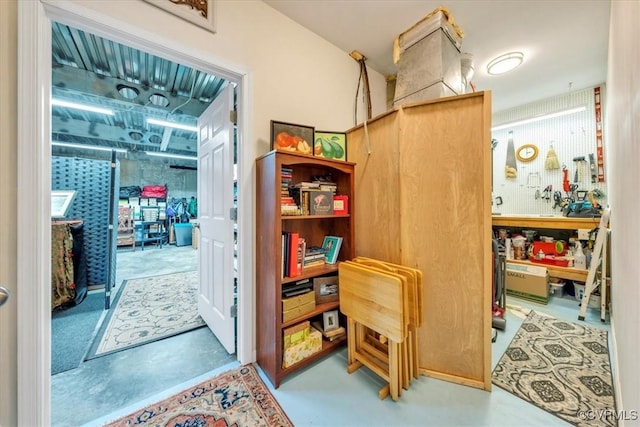 interior space featuring finished concrete floors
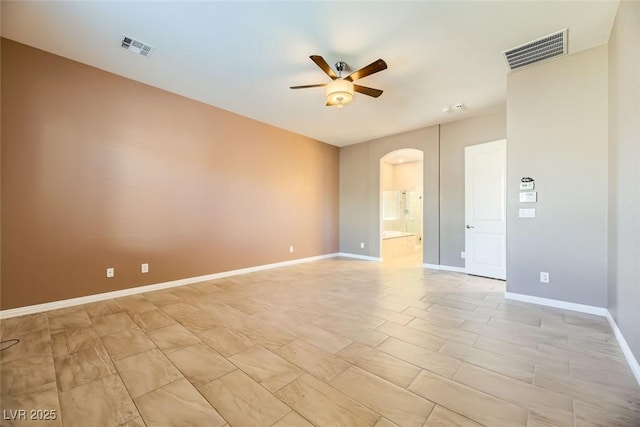 unfurnished room with ceiling fan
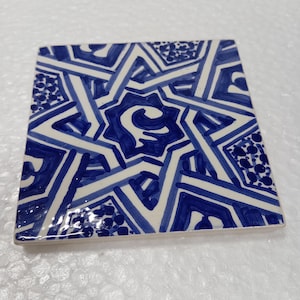 Puede incluir: Un azulejo de cerámica azul y blanco con un patrón geométrico. El azulejo presenta un diseño de estrella con líneas y puntos intrincados.
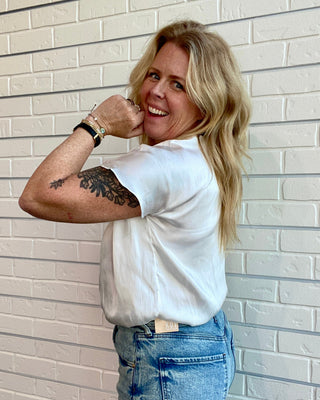 Woman posing against a light brick wall wearing a white t-shirt and blue jeans.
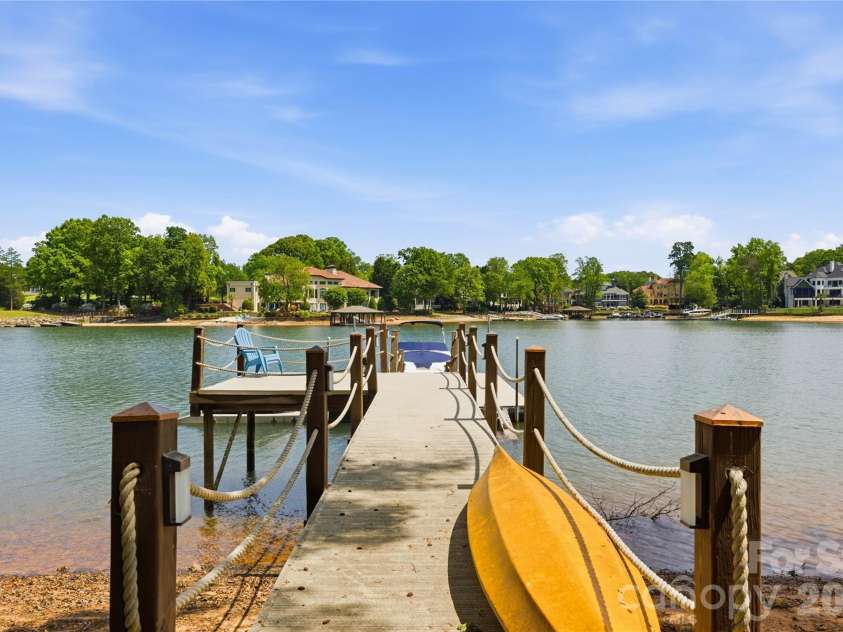 18426 Peninsula Cove Lane, Cornelius, NC 28031.  MLS# CAR4375387, YatesRealty ID 20078. Private floating dock with 6000# lift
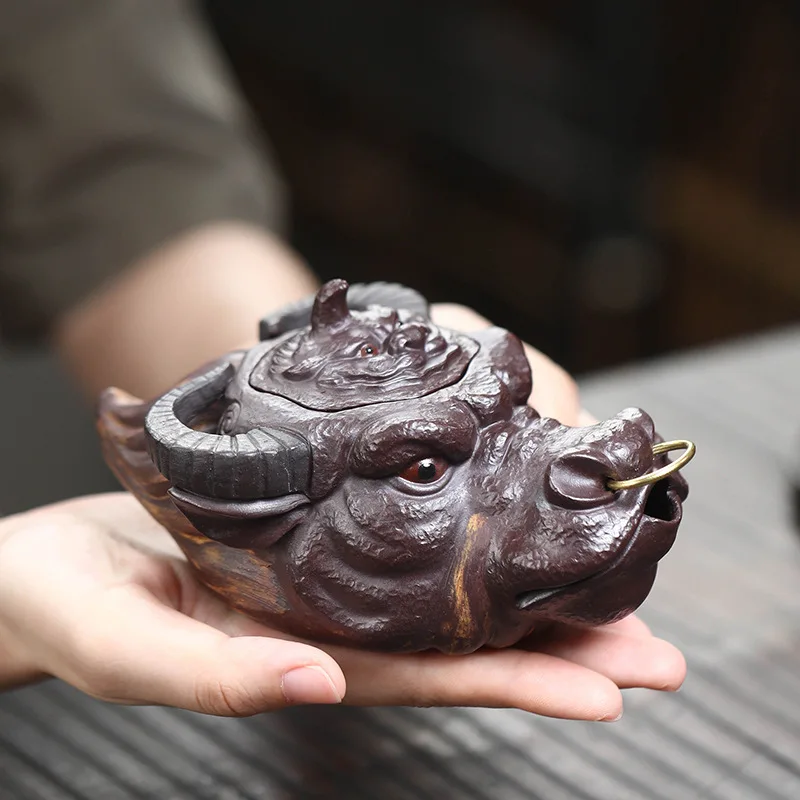 Yixing purple sand raw ore handmade cow fair cup tea pet ornament cow head hand grab pot fair cup bubble teapot gift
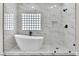Modern bathroom featuring a soaking tub, glass shower, and sleek fixtures at 8125 Sunset Cove Dr, Las Vegas, NV 89128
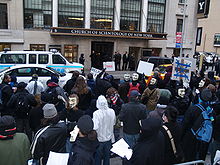 Guy Fawkes-masked protesters gather at the Scientology center in Times Square, New York City, on February 10, 2008. Anonymous Scientology 6 by David Shankbone.JPG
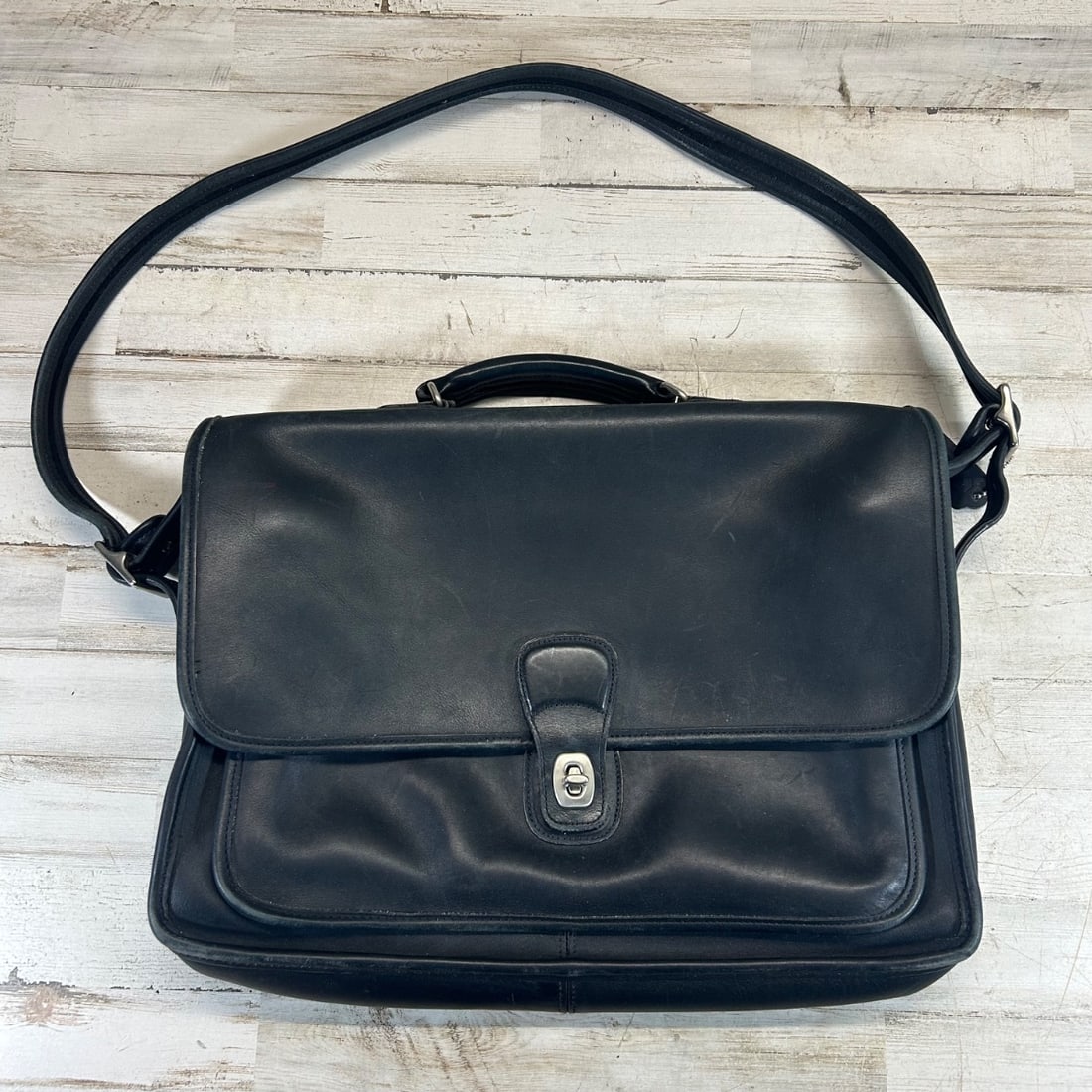 Vintage Coach "City Bag" Leather Messenger Satchel Black Leather Bag: This is a vintage Coach City Bag, a classic messenger-style satchel crafted from durable black glove-tanned cowhide leather. It features a top handle and an adjustable shoulder strap for versatile car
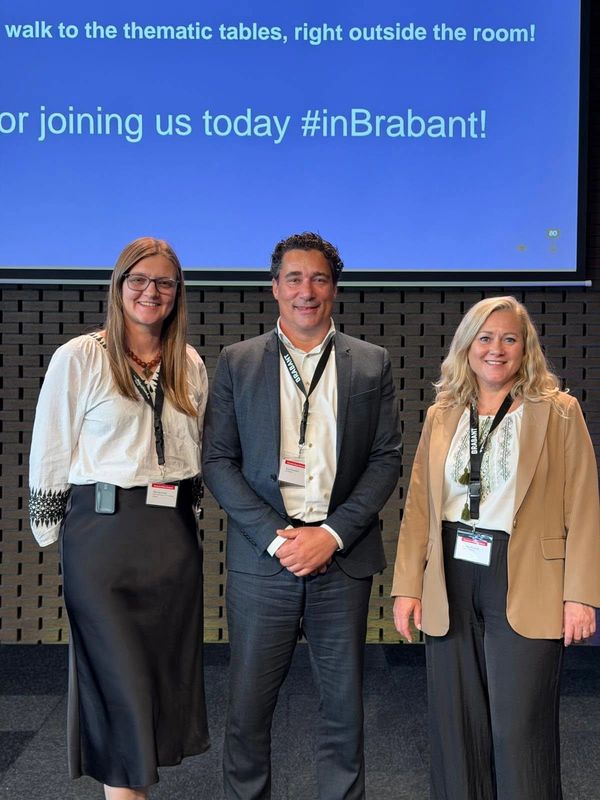 Three professionals posing at a conference in Brabant.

•••

» ABOUT THIS TASK
Your answer must contain the full data, repeated exactly, without pictures.

» SOLUTION TO THIS EXERCISE
 interior space featuring finished concrete floors
 unfurnished room with ceiling fan
 Puede incluir: Un azulejo de cerámica azul y blanco con un patrón geométrico. El azulejo presenta un diseño de estrella con líneas y puntos intrincados.
 Woman posing against a light brick wall wearing a white t-shirt and blue jeans.
 18426 Peninsula Cove Lane, Cornelius, NC 28031.  MLS# CAR4375387, YatesRealty ID 20078. Private floating dock with 6000# lift
 Yixing purple sand raw ore handmade cow fair cup tea pet ornament cow head hand grab pot fair cup bubble teapot gift
Modern bathroom featuring a soaking tub, glass shower, and sleek fixtures at 8125 Sunset Cove Dr, Las Vegas, NV 89128
 Guy Fawkes-masked protesters gather at the Scientology center in Times Square, New York City, on February 10, 2008. Anonymous Scientology 6 by David Shankbone.JPG
 Vintage Coach "City Bag" Leather Messenger Satchel Black Leather Bag: This is a vintage Coach City Bag, a classic messenger-style satchel crafted from durable black glove-tanned cowhide leather. It features a top handle and an adjustable shoulder strap for versatile car
 Three professionals posing at a conference in Brabant.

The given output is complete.